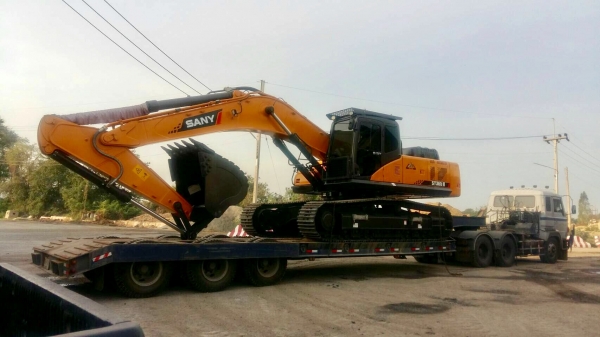 บริการรถขนส่ง และตอก-ถอนชีทไพล์ออกแบบระบบป้องกันดินพัง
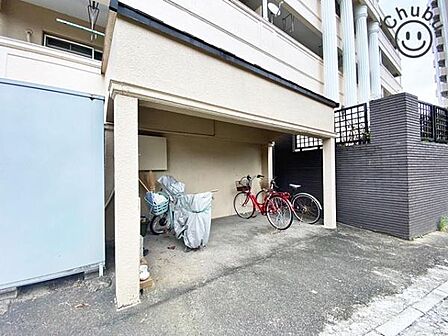 屋根付き駐輪場 雨が降っても屋根付きで安心です。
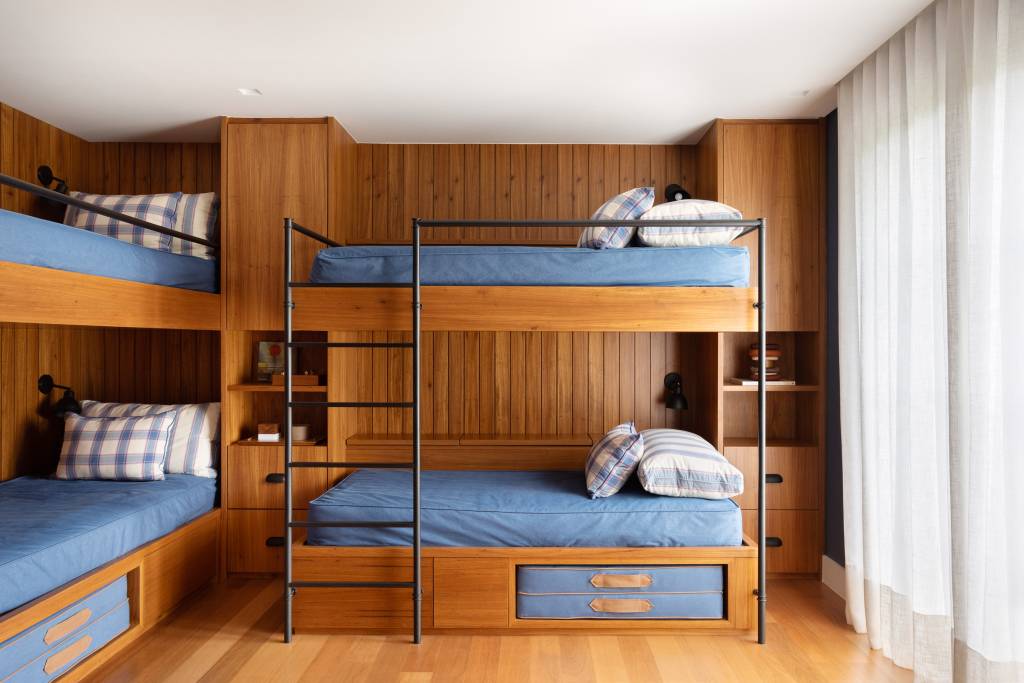 tijolinhos-rusticos-e-portas-tipo-celeiro-fazem-de-casa-um-refugio-de-aconchego-carolina-gava-32-beliche-quarto-infantil Tijolinhos rústicos e portas tipo celeiro fazem de casa de campo um refúgio de aconchego. Projeto de Carolina Gouvea.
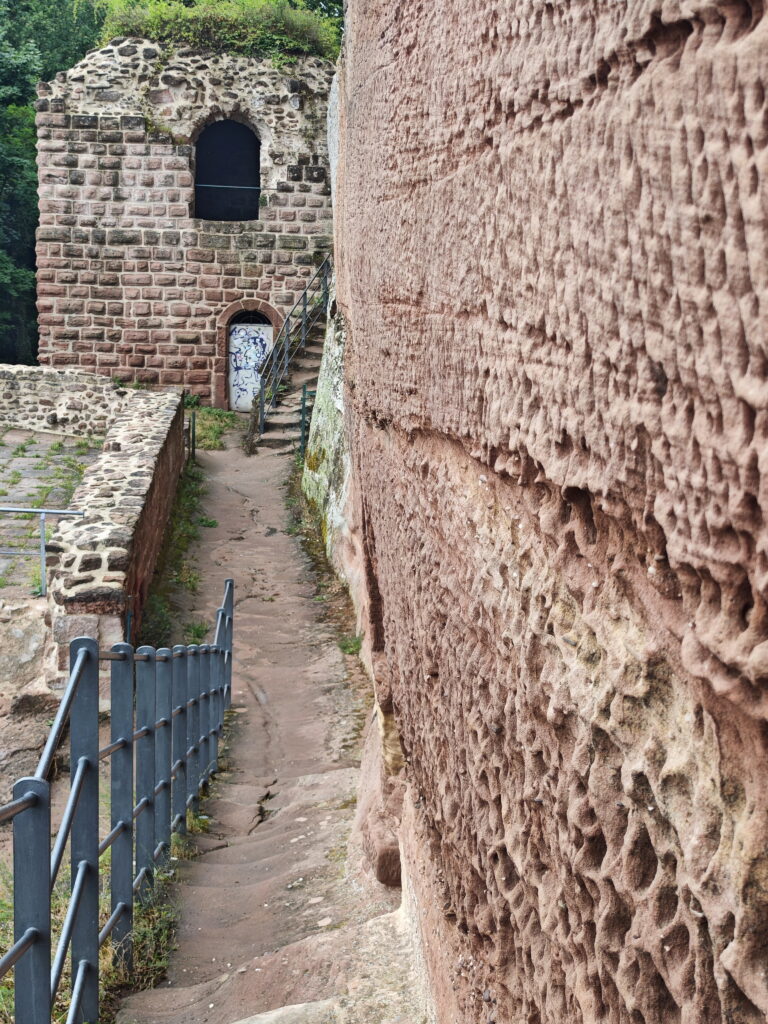 Aufgang in die Burg Drachenfels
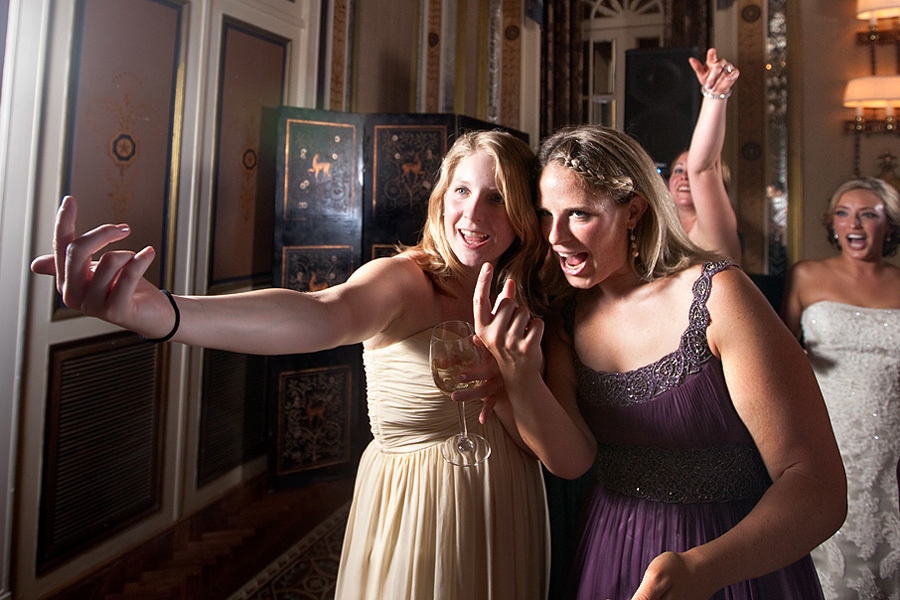 Matthew & Elizabeth – Wedding – 08/15/2009. Emin Kuliyev — Award-Winning Wedding Photojournalist NYC & USA | Best Wedding Photographer Known for Candid, Timeless Moments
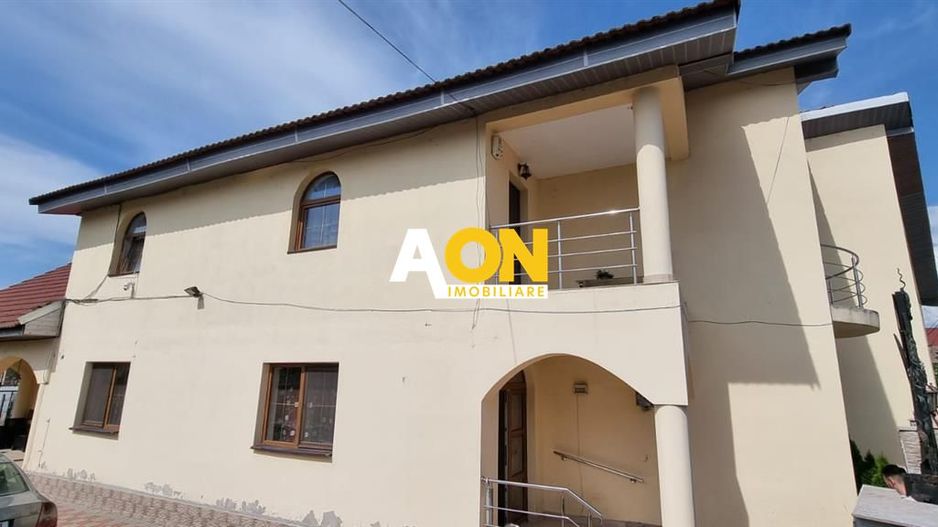 Casa individuala 7 camere Centru - Poză 1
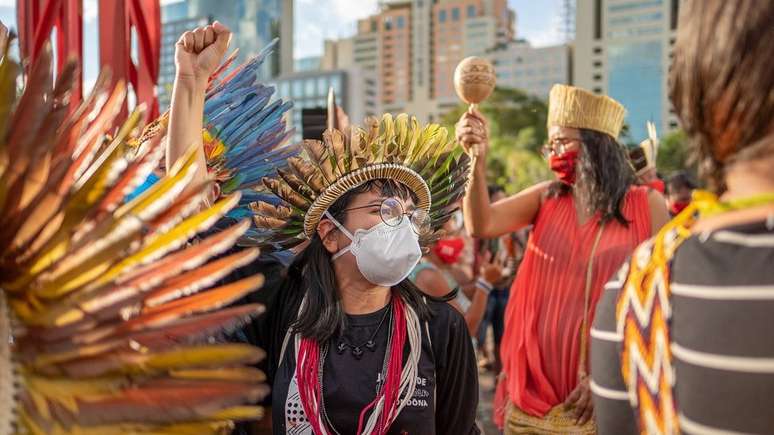 Txai Suruí durante protesto de indígenas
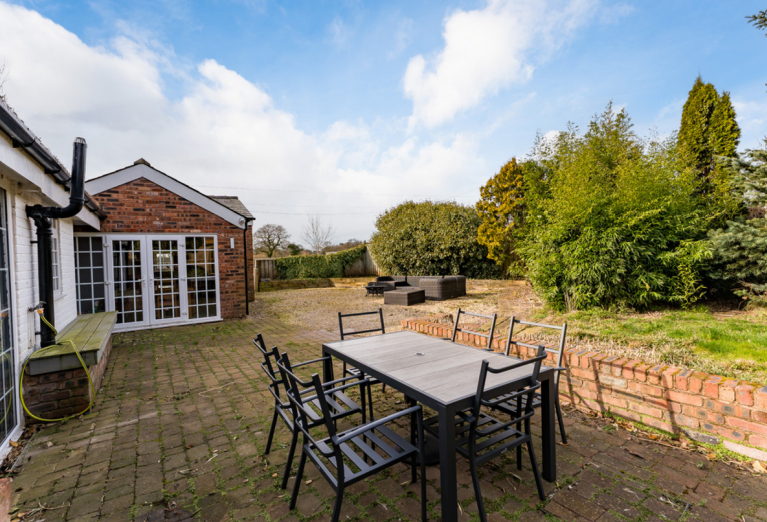 4 bed Detached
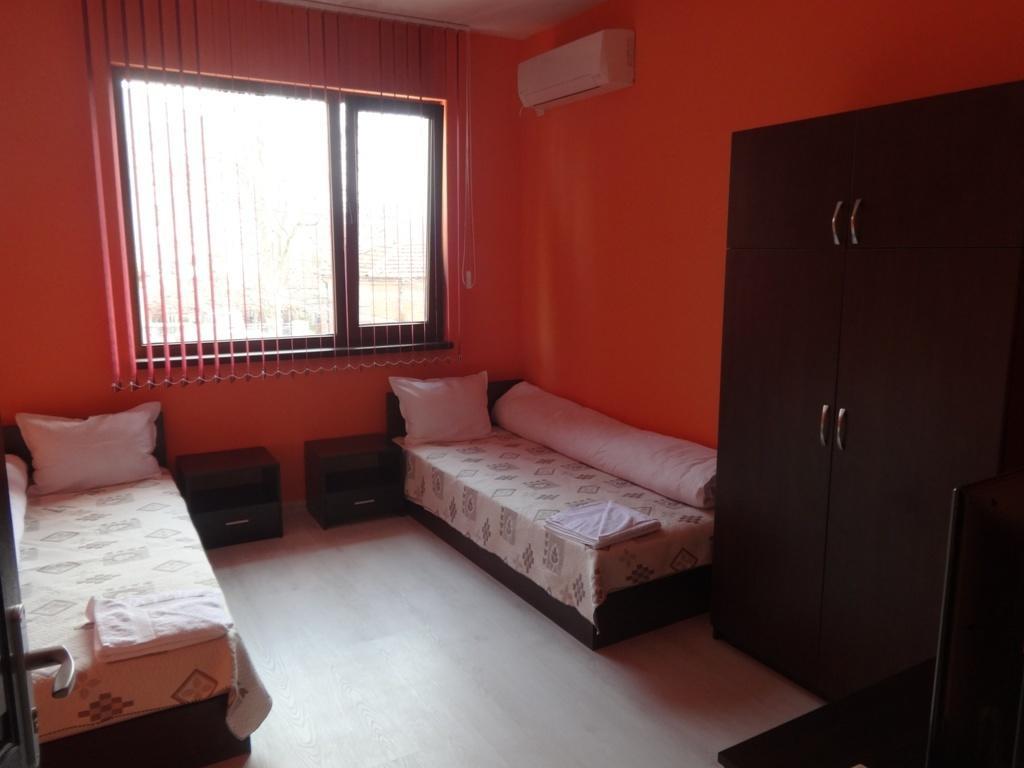 Guest House Karaulanov Elhovo  Buitenkant foto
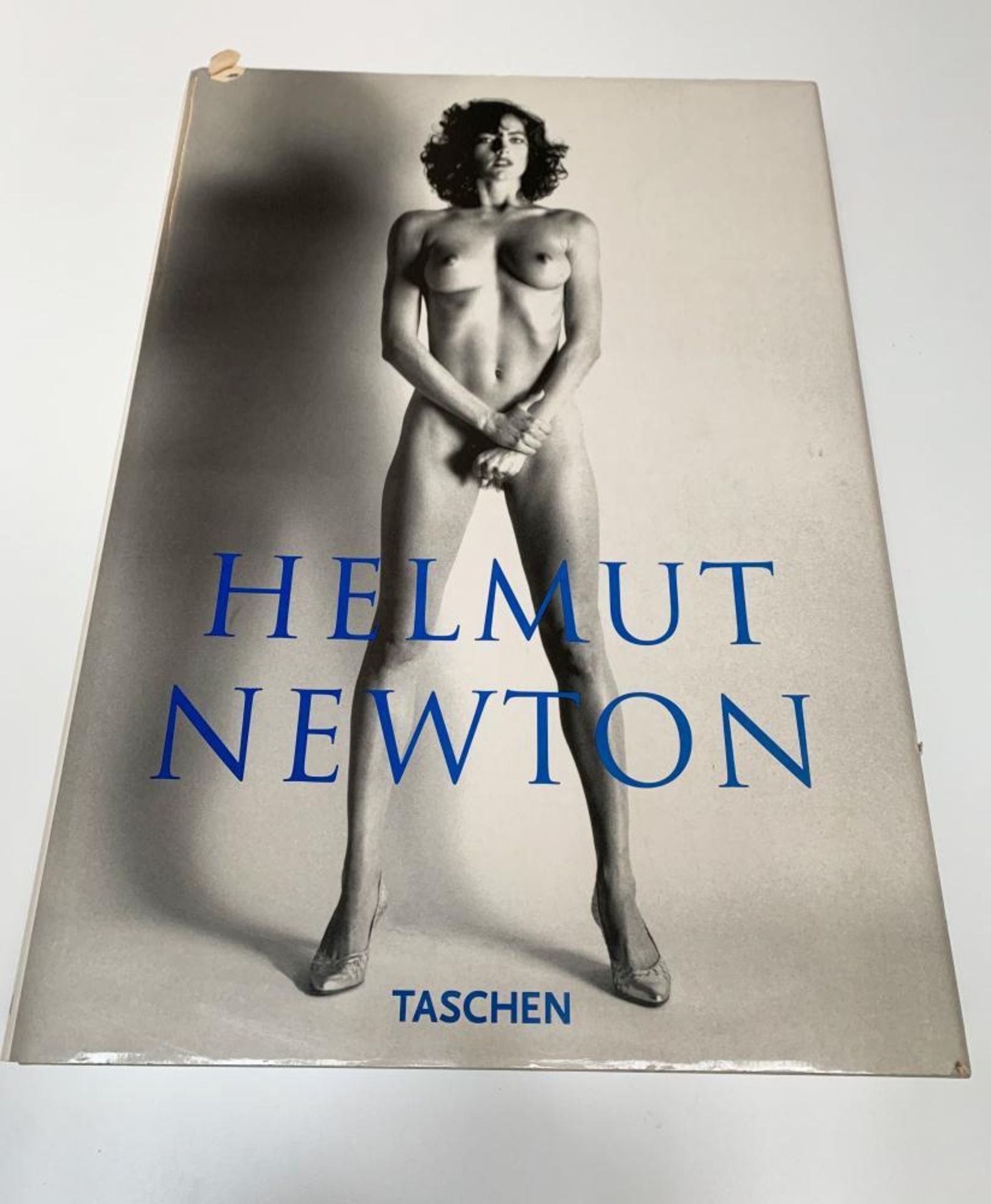 NEWTON, HELMUT1920 Berlin - 2004 Los AngelesTitle: Sumo. Date: 1990. Technique: Photobook - Bild 4 aus 7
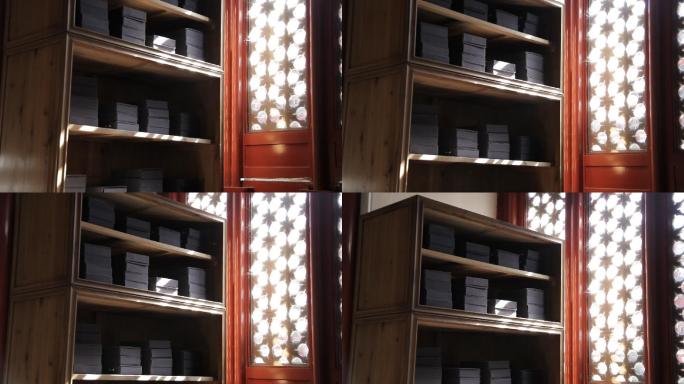 香山公园古房子阳光透过窗户洒在书架上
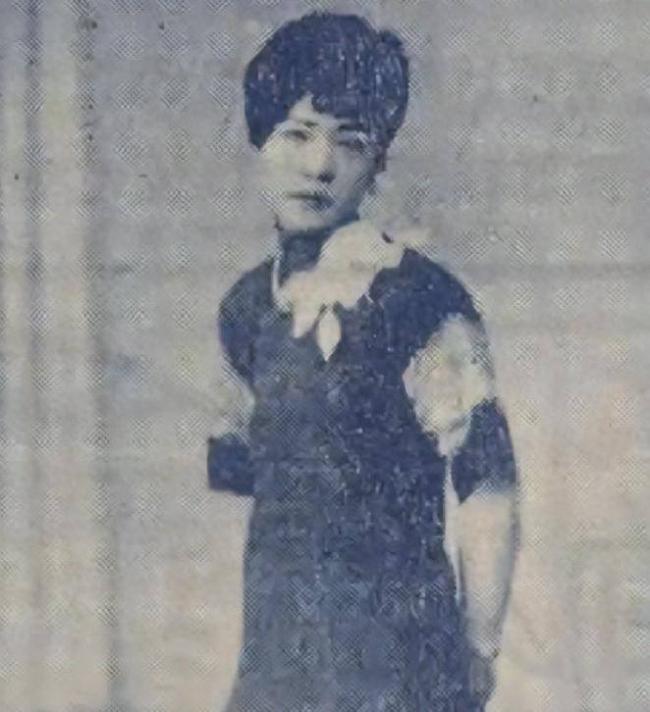 中国首位情色女作家，阅男无数，28岁跳海自杀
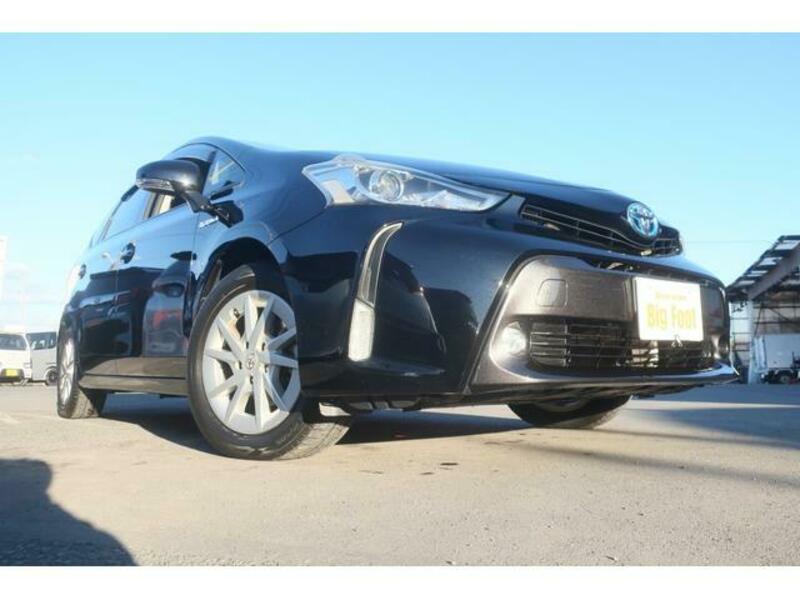 PRIUS ALPHA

◆ Action item:
Could you please return the entries above exactly, minus the pictures?

◆ Response:
 บริการรถขนส่ง และตอก-ถอนชีทไพล์ออกแบบระบบป้องกันดินพัง
 屋根付き駐輪場 雨が降っても屋根付きで安心です。
 tijolinhos-rusticos-e-portas-tipo-celeiro-fazem-de-casa-um-refugio-de-aconchego-carolina-gava-32-beliche-quarto-infantil Tijolinhos rústicos e portas tipo celeiro fazem de casa de campo um refúgio de aconchego. Projeto de Carolina Gouvea.
 Aufgang in die Burg Drachenfels
 Matthew & Elizabeth – Wedding – 08/15/2009. Emin Kuliyev — Award-Winning Wedding Photojournalist NYC & USA | Best Wedding Photographer Known for Candid, Timeless Moments
 Casa individuala 7 camere Centru - Poză 1
 Txai Suruí durante protesto de indígenas
 4 bed Detached
 Guest House Karaulanov Elhovo  Buitenkant foto
 NEWTON, HELMUT1920 Berlin - 2004 Los AngelesTitle: Sumo. Date: 1990. Technique: Photobook - Bild 4 aus 7
 香山公园古房子阳光透过窗户洒在书架上
 中国首位情色女作家，阅男无数，28岁跳海自杀
 PRIUS ALPHA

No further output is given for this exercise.